Posto nunca
tivesse provado as cruciantes angústias da miséria, a Sra. B..., de Bordéus,
teve uma vida de martírios físicos, em conseqüência de inumerável série de
moléstias mais ou menos graves, a contar da idade de 5 meses. Vivendo 70 anos,
quase que anualmente batia às portas do túmulo. Três vezes envenenada pela
terapêutica de uma ciência experimental e duvidosa, em ensaios feitos sobre o
seu organismo e temperamento, arruinada, ao demais, pelos remédios tanto quanto
pela doença, assim viveu entregue a sofrimentos intoleráveis, que nada podia
atenuar. Uma sua filha, espírita-cristã e médium pedia sempre a Deus para
suavizar-lhe as cruéis provações. Foi porém aconselhada pelo seu guia a pedir
simplesmente a fortaleza, a calma, a resignação para as suportar, fazendo
acompanhar esse conselho das seguintes instruções:
"Nessa vida
tudo tem sua razão de ser: não há um só dos vossos sofrimentos, que não
corresponda aos sofrimentos por vós causados; não há um só dos vossos
excessos que não tenha por conseqüência uma privação; não há uma só lágrima a
destilar dos olhos, que não seja destinada a lavar uma falta, um crime
qualquer.
"Suportai,
portanto, com paciência e resignação as dores físicas e morais, por mais cruéis
que elas se vos afigurem. Imaginai o trabalhador que, amortecidos os membros
pela fadiga, prossegue no trabalho, porque tem diante de si a dourada espiga,
outros tantos frutos da sua perseverança. Assim, a sorte do infeliz que sofre
nesse mundo; a aspiração da felicidade, que deve constituir-se em fruto de sua
paciência, torná-lo-á resistente às dores efêmeras da Humanidade. Eis o que se
dá com tua mãe. Cada uma das suas dores acolhida como expiatória, corresponde à
extinção de uma nódoa do passado; e quanto mais cedo as nódoas todas se
extinguirem, tanto mais breve ela será feliz.
"A falta
de resignação esteriliza o sofrimento, que, por isso mesmo, teria de ser
recomeçado. Convém-lhe, pois, a coragem e a resignação, e o que se faz preciso é
pedir a Deus e aos bons Espíritos que lha concedam. Tua mãe foi outrora um bom
médico, vivendo num meio em que fácil se lhe tornava o bem-estar, e no qual lhe
não faltaram dons nem homenagens. Sem ser filantrópico, e, por conseguinte, sem
visar o alívio dos seus irmãos, mas cioso de glória e fortuna quis atingir o
apogeu da Ciência, para aumentar a reputação e a clientela. E na consecução de
tal propósito não havia consideração que o detivesse.
"Porque
previa um estudo nas convulsões que investigava, sua mãe era martirizada no
leito de sofrimentos, enquanto que o filho se submetia a experiências que
deveriam explicar uns tantos fenômenos; aos velhos abreviava os dias e aos
homens vigorosos enfraquecia com ensaios tendentes a comprovar a ação de tal ou
qual medicamento. E todas essas experiências eram tentadas sem que o infeliz
paciente delas soubesse ou sequer desconfiasse. A satisfação da cupidez e do
orgulho, a sede de ouro e de renome, foram os móveis de tal conduta. Foram
precisos séculos de provações terríveis para domar esse Espírito ambicioso e
cheio de orgulho, até que o arrependimento iniciasse a obra de regeneração.

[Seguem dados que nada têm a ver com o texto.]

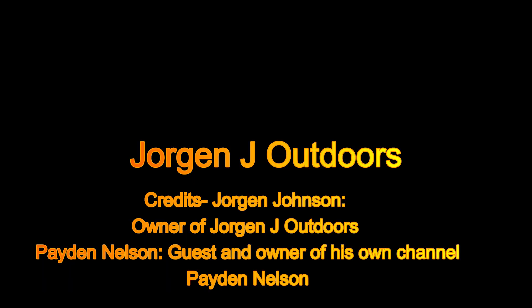Welcome back to Jorg and Jay Outdoors. I have a big problem — the video file for the beginning of this video is unfortunately on a different chip, so that's a big old dud. Anyway, welcome back to Jorg and Jay, and let's get on with the video. Update: I've got the oil in the pan.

Agora termina a reparação, visto como as provas dessa última encarnação podem
dizer-se suaves relativamente às que já suportou. Coragem, pois, porque se o
castigo foi longo e cruel, grande será a recompensa à resignação, à paciência,
à humildade.
"Coragem, a
todos vós que sofreis; considerai a brevidade da existência material, pensai
nas alegrias eternas.
"Invocai a
esperança, a dedicada amiga dos sofredores; a fé, sua irmã, que vos mostra o
céu, onde com aquela podeis penetrar antecipadamente. Atrai também a vós esses
amigos que o Senhor vos faculta, amigos que vos cercam, que vos sustentam e
amam, e cuja solicitude constante vos reconduz para junto dAquele a quem haveis
ofendido, transgredindo as suas leis."
Nota - Depois de
haver desencarnado, a Sra. B... veio dar, tanto por sua filha como na Sociedade
de Paris, muitas comunicações, nas quais se refletem as qualidades mais
elevadas, confirmando os seus antecedentes.
Allan Kardec. Da
obra: O Céu e o Inferno. 40 edição. Capítulo VIII. Segunda parte.